TRIM-KV proposes a novel approach where each token's importance is evaluated at the time of its creation via a lightweight retention gate. The retention gate assigns a scalar retention score that reflects the long-term utility of a token for specific layers and heads. The score decays over time, leading to the eviction of low-importance tokens when memory limits are reached. This method ensures the KV cache maintains only the most crucial tokens, optimizing memory utilization and increasing efficiency especially in memory-constrained environments.

Methodology

Retention-Gated Attention: The paper introduces a mechanism called retention-gated attention. This involves computing a retention score $\beta \in [0,1]$ for each token that decays exponentially. This decay mimics human memory by gradually reducing the weight of older tokens. A high $\beta$ score suggests the token has critical importance and needs longer retention, whereas a lower score indicates that the token will be quickly discarded.

Training Framework: The retention gates are trained using distillation from a frozen LLM combined with a capacity loss. This minimizes the inference overhead and allows the model to optimally manage the KV cache. By incorporating a distillation loss and next-token prediction loss, TRIM-KV ensures alignment with the original LLM's output distribution while exploring sparsity patterns.

Eviction Policy: The scoring system is integral to determining eviction policy, where tokens with minimal score $\beta$ are evicted when the cache exceeds the preset memory budget. This is computed using a simple score comparison, making the inference process straightforward and efficient.

Figure 1: Patero frontiers of competing algorithms with different budgets on math benchmarks.

Experimental Results

The experimental results demonstrate significant improvements over competing KV eviction strategies in both controlled and less constrained memory settings. TRIM-KV exhibits superior performance across various tasks including mathematical reasoning datasets like GSM8K, MATH-500, and AIME24, as well as procedural generation and conversational benchmarks. Remarkably, it often surpasses full-cache models, revealing that selective retention can suppress noise from uninformative tokens.

TRIM-KV's designs naturally recover several heuristic strategies like sliding windows and gist compression without explicit instructions, indicating that learned retention scores align closely with human cognitive processes.

Qualitative Analysis

TRIM-KV's qualitative analysis shows that token retention scores serve as an insightful probe into LLM interpretability, reflecting layer- and head-specific dynamics.
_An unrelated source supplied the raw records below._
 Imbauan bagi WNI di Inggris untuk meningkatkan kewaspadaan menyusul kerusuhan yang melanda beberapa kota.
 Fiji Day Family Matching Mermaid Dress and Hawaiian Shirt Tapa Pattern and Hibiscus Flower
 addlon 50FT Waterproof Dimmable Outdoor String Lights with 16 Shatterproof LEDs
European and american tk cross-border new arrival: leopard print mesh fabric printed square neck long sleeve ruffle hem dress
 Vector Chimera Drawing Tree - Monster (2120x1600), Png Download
The model tends to assign high retention scores to task-critical tokens, while punctuation and filler tokens generally receive lower scores.

Figure 2: a) Average retention scores across all layers and heads of Qwen3-4B on tokens of an AIME24 example. b) Top 10 tokens with the highest (left table) and lowest (right table) average retention. c) The layer- and head-wise sparsity level estimated by token retentions.
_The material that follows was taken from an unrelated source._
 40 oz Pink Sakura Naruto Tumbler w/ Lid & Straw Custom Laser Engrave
Implications for AI Development

The approach presented by TRIM-KV suggests practical and theoretical advancements in optimizing LLM memory use, especially for applications requiring prolonged inference under strict memory constraints. The notion of treating retention scores as proxies for token importance shifts the focus from attention-based dynamics to intrinsic attributes of token utility over long contexts.
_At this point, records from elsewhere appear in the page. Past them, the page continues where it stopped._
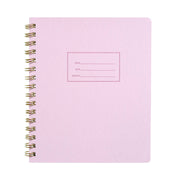 lilac lined notebook with gold spiral binding 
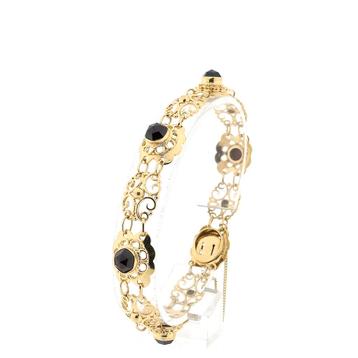 Vintage/antiek gouden bootjes armband met granaat | 19 cm beschikbaar voor biedingen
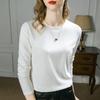 Белый топ из модального хлопка с круглым вырезом, летний новый, с длинным рукавом, с имитацией кашемира внутри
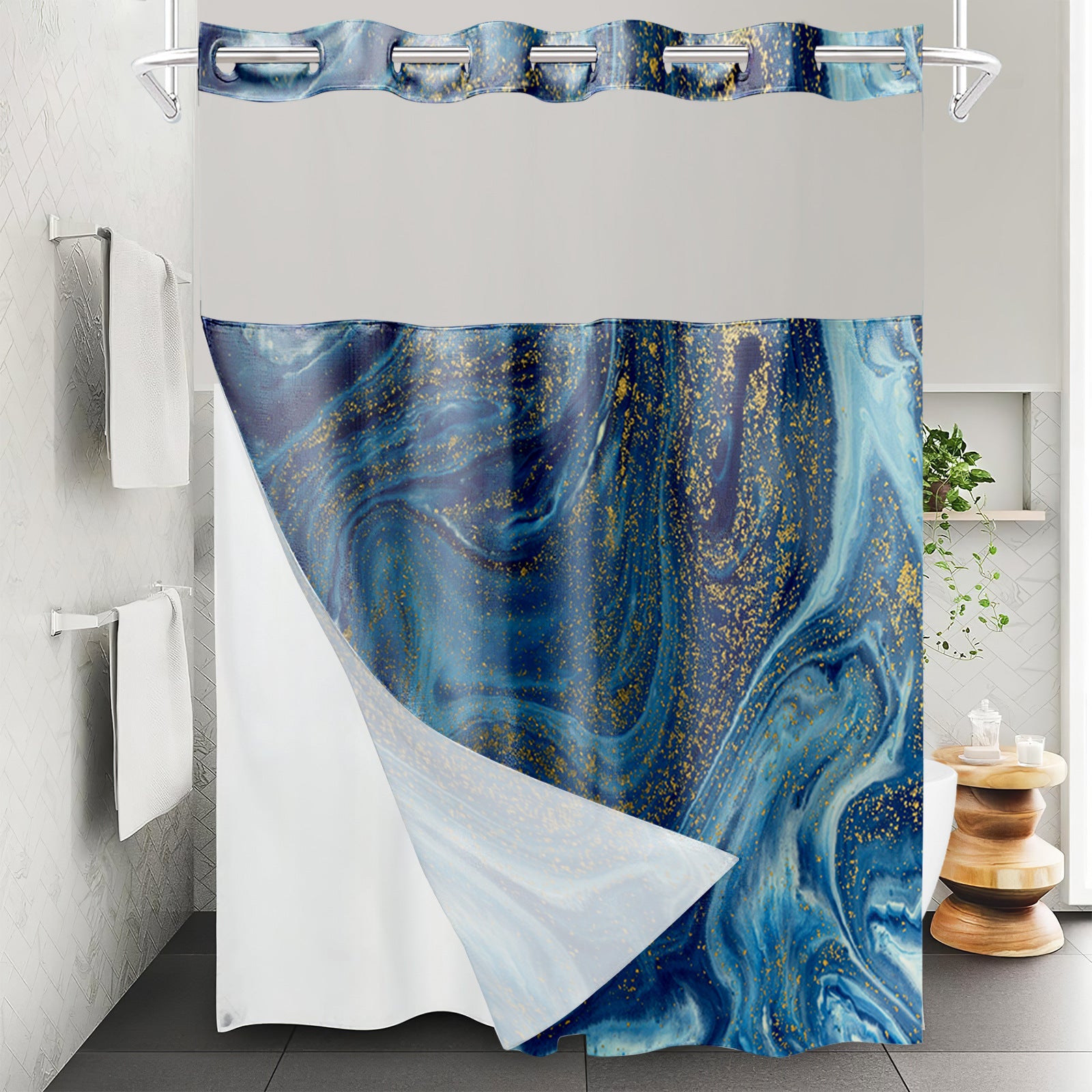 YL-37534 waterproof polyester digital printed marble pattern shower curtain bathroom double layer shower curtain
These advancements could influence future developments in AI, offering pathways to more efficient architectures that seamlessly balance performance and computational resource use. Additionally, the insights into head-specific dynamics may foster enhancements in model interpretability and diagnostics.

Conclusion

The paper showcases TRIM-KV as a compelling strategy for memory-bounded LLM operations. Its core contribution lies in leveraging retention scores for adaptive token caching, ensuring models remain efficient without retraining from scratch. This method potentially paves the way for future explorations of intrinsic token importance and memory-efficient model design tailored for complex reasoning and long-context scenarios.